Your son or daughter have asked you to guarantee their loan so they can buy their first ever home. Of course you want to help them get into the market, but what does it really mean for you?
You are agreeing to pay that guaranteed amount plus any other charges or costs set out in the terms of the guarantee in the event that your child defaults under their loan.
Generally, your guarantee is secured which means you will be required to enter into a mortgage with the bank.
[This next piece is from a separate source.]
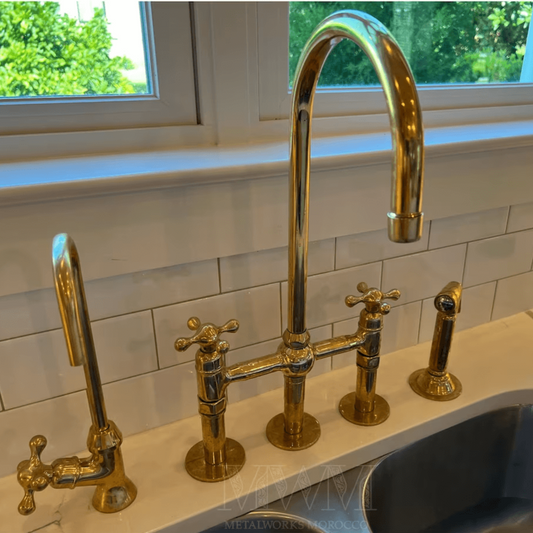 Polished Brass Bridge Kitchen Faucet 3 Hole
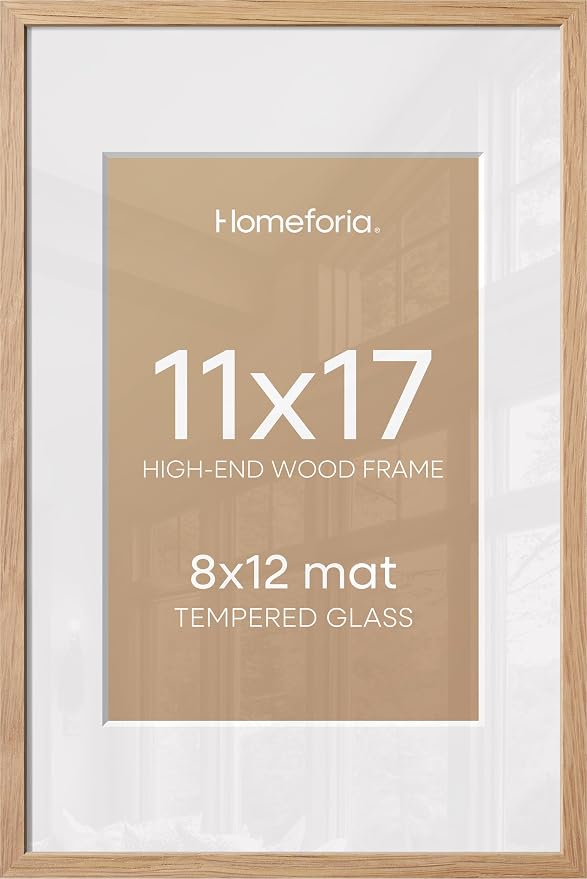 Homeforia 11x17 Natural Oak Picture Frame, High-End Wood, 8x12 Mat, Glass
This mortgage may be over your family home.
We often see many parents saying that they are only doing it for a short period of time, but there are a lot of variables, including ones outside of your child’s control, that may mean the security is held for many years which may impact you or your future plans.
If you agree going guarantor, things you might want to consider are:
With your child:
1. Ensuring your child has the appropriate insurances in place so they will be able to repay the loan at all times (income protection or life insurance) and your guarantee will not be called upon;
2. Talking to them about putting a Will in place (or updating it) to include a provision that you are to be released as a condition where the property is to be given to another person under their Will.
With the bank:
3. Are there other options rather than securing your family home or having another property potentially tied up for some years.
Most lenders will require you to receive independent legal advice prior to agreeing to going as guarantor however sometimes it is too late by then and your child’s settlement will be held up, or worse they will be in breach of their contract as funds won’t be provided by the bank if you fail to sign the guarantee.
It is worth knowing exactly what you are liable for and talking to the bank about alternatives before it is too late.